위의 AutCoder reddit 댓글에서 알게된 모델이다.

size가 7B 밖에 안되는데 HumanEval+ 점수는 AutoCoder 33B보다 점수가 높다. (다만, +가 안 붙은 그냥 HumanEval에서는 AutoCoder 33B가 더 높다)

reddit 댓글 https://www.reddit.com/r/LocalLLaMA/comments/1d3qx5q 를 읽어보면 CodeQwen의 평가가 극과 극을 달리는 듯 하다.
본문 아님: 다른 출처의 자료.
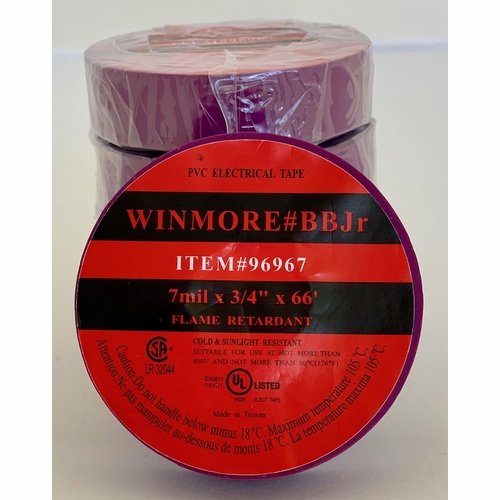 FRANK WINNE 96967 Tape Electrical Violet Premium All Weather 3/4 inch x 66 feet 100/Case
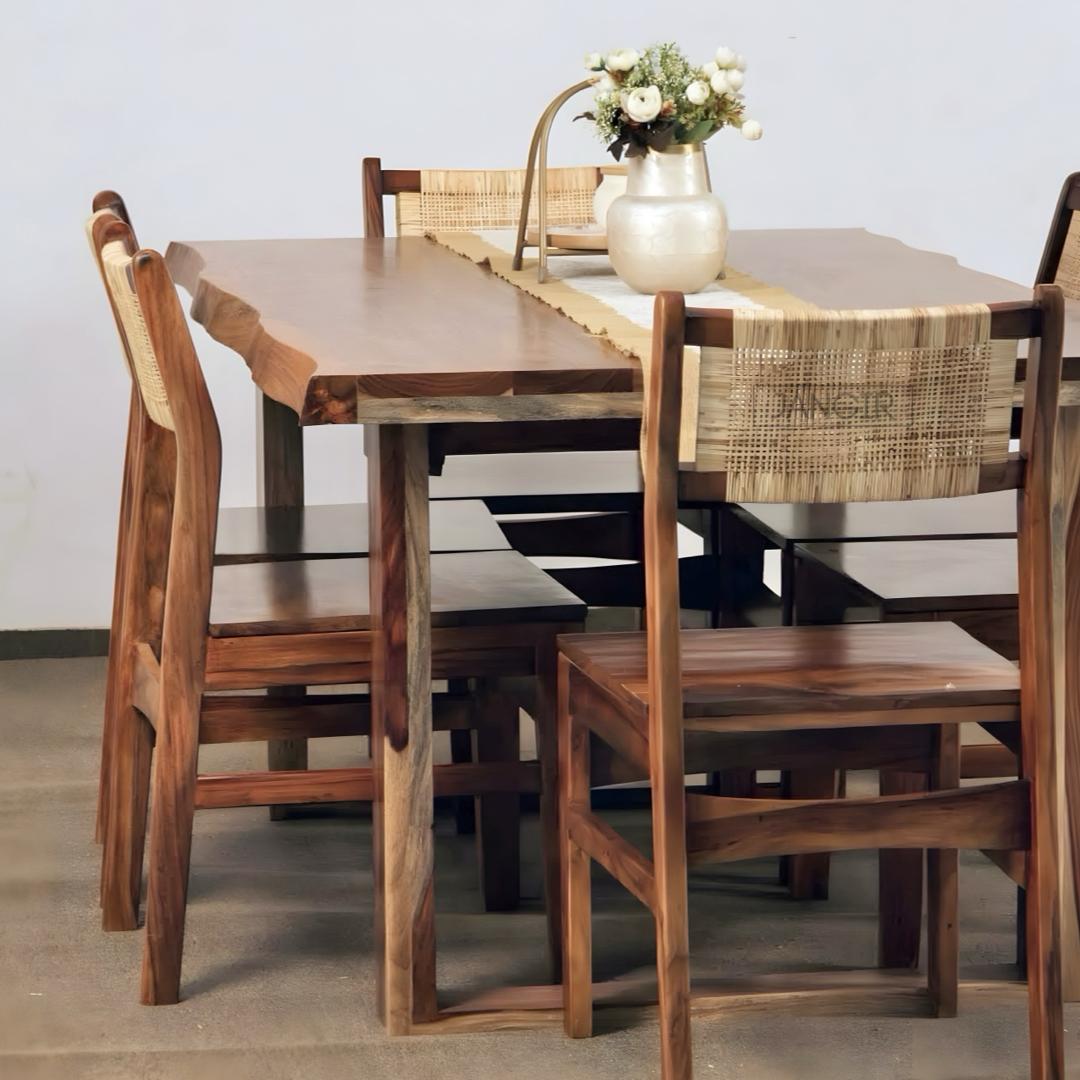 Discover the Nester live edge dining table with rattan chairs, made with sheesham wood. Buy our modern six-seater live edge dining set near you in Bangalore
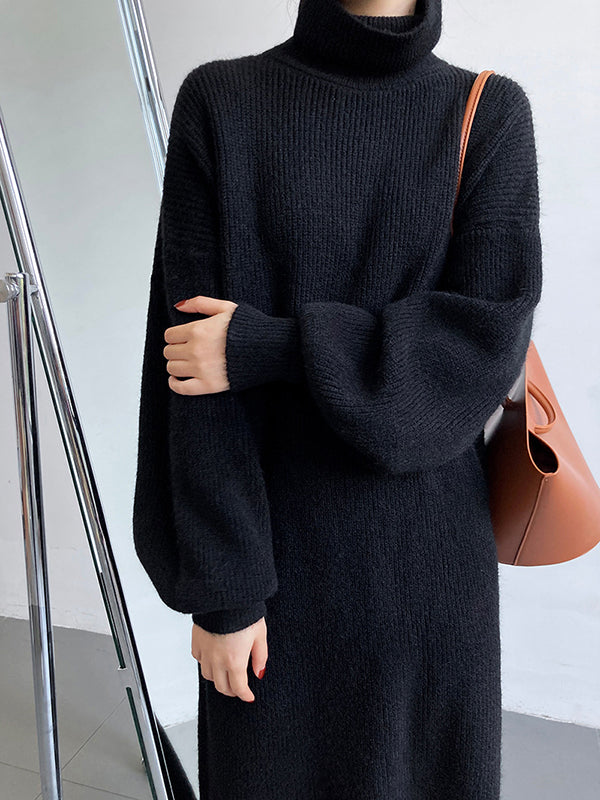 Urban Loose Purple High-neck Long Puff Sleeve Sweater Dress An1052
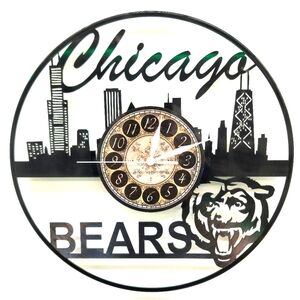 CHICAGO BEARS vinyl record clock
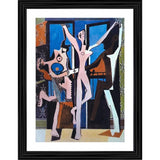 Three figure dancers, vibrant multicolor art, photo frame with a wood finish, painting from 1925
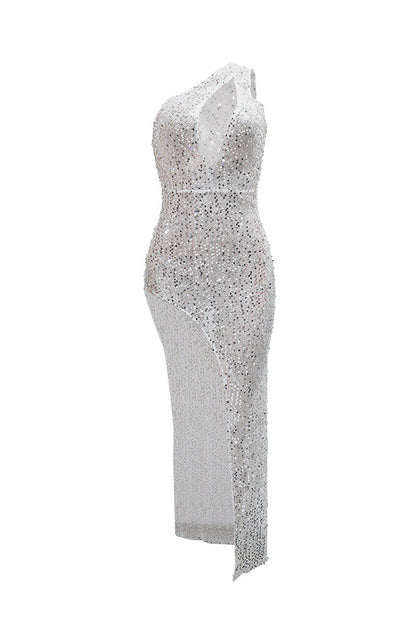 Sequin Halter Deep V Backless Slim Fit Maxi Dress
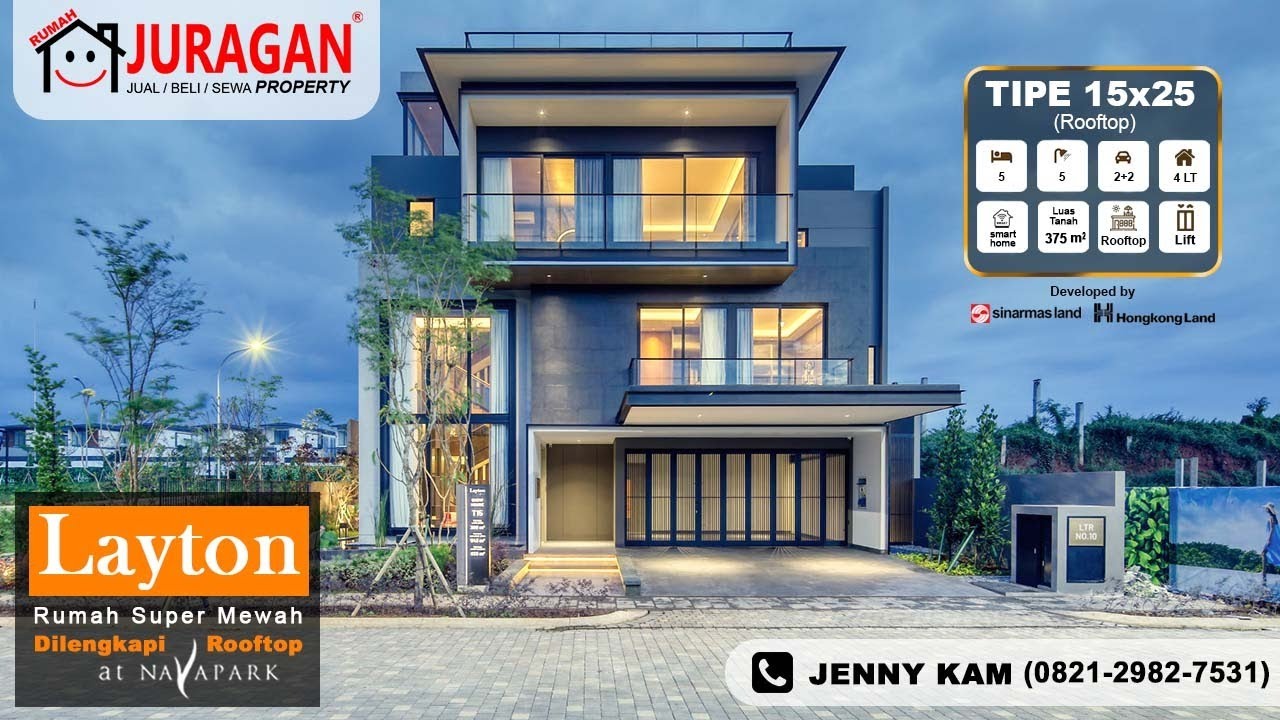Rumah Super Mewah Dengan Rooftop Di Navapark Layton Type 15x25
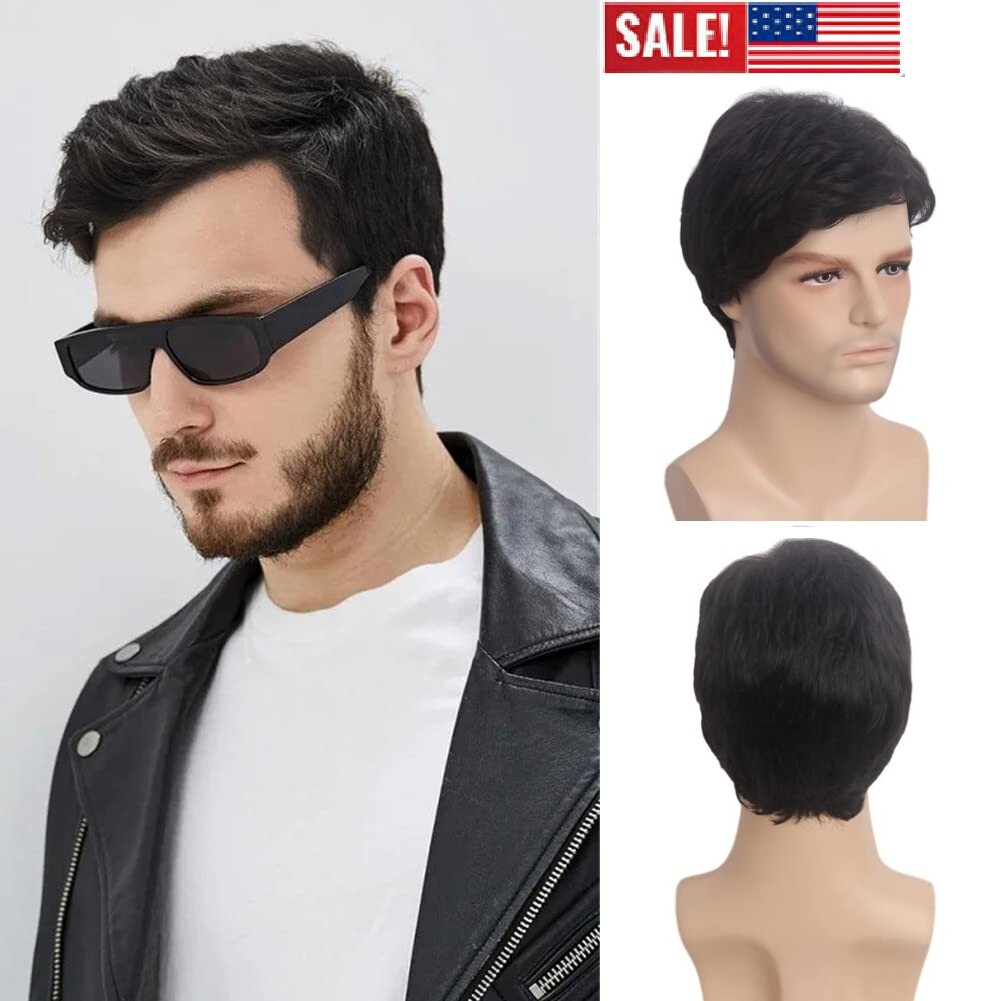 Handsome Adult Men Short Wavy Wig Natural Black Cosplay Party Layered Full Hair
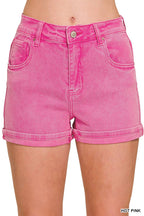5 Pockets Cuffed Shorts - Zenana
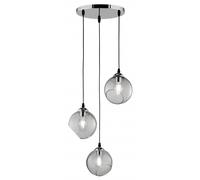 Ceiling Light Silver Clooney 3 Chrome Smoke Glass Trio R30073054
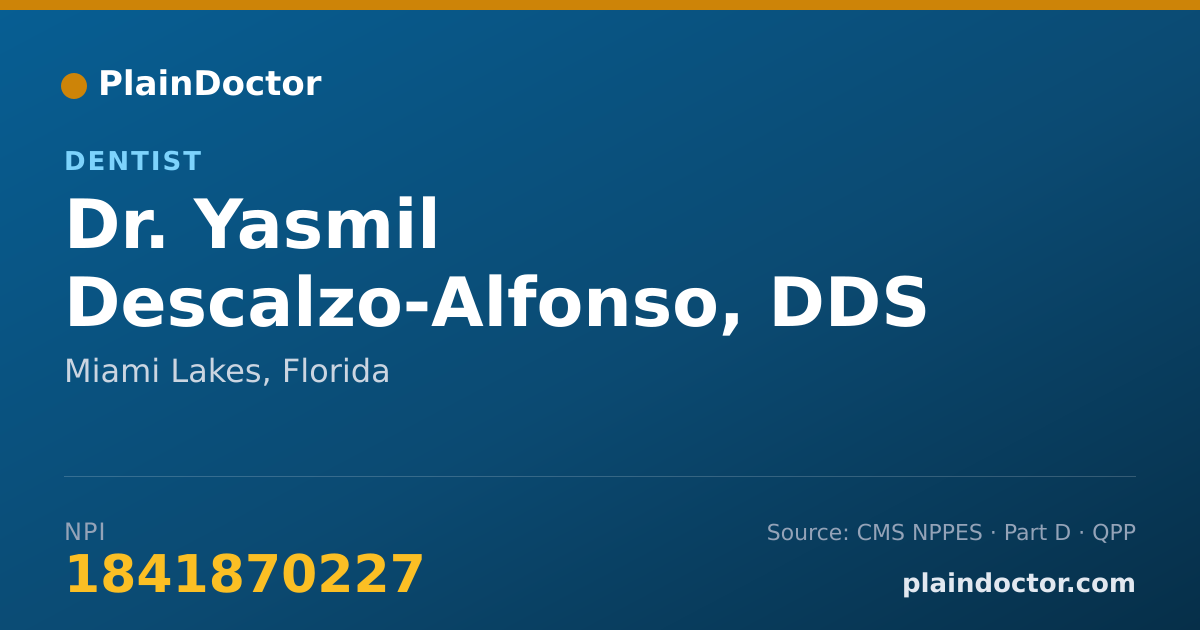 Shareable card for Yasmil Descalzo-Alfonso, DDS - Dentist, Miami Lakes, FL
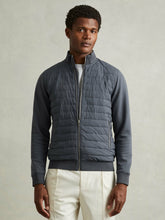 Hybrid Quilt and Knit Zip-Through Jacket in Airforce Blue | Reiss Sale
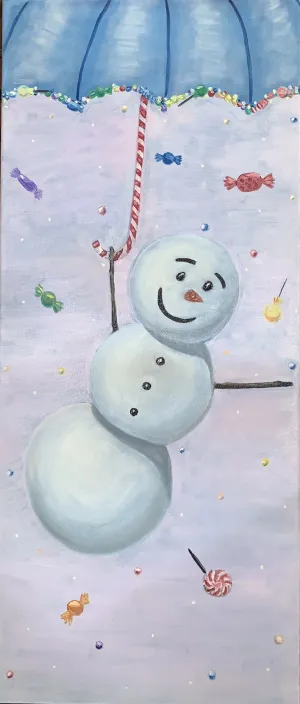  30x70公分 / 油彩 / 10000元  購買請洽 jenny@albin.net  ＊本次義賣所得將捐給關愛之家婦幼部及作為ELLA的溜冰訓練基金。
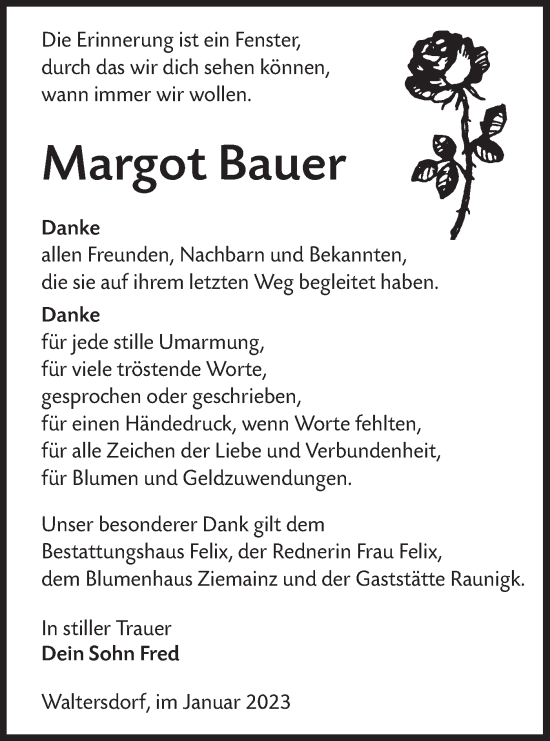 Traueranzeige von Margot Bauer von Lausitzer Rundschau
댓글 1: “In my experience CodeQwen can produce great code and terrible one, on a random basis”
댓글 2: “Up until the release of gpt4o codeqwen was my go to model. It’s literally magic”
댓글 3: “I saw this chart and downloaded codeqwen to use with Contine as a Copilot alternative in VS code. It’s so bad. It can’t stick to the requests and generates stuff I don’t want. On the other hand, llama 3 70B is way better with the same prompts”

DeepSeek Coder

model size: 1.3B, 5.7B, 6.7B and 33B

요것도 꽤나 언급되는 모델로 보인다.

DeepSeek과 Qwen 둘다 중국 기업의 모델이다. 우리나라 기업의 모델이 안 보여 많이 아쉬웠다.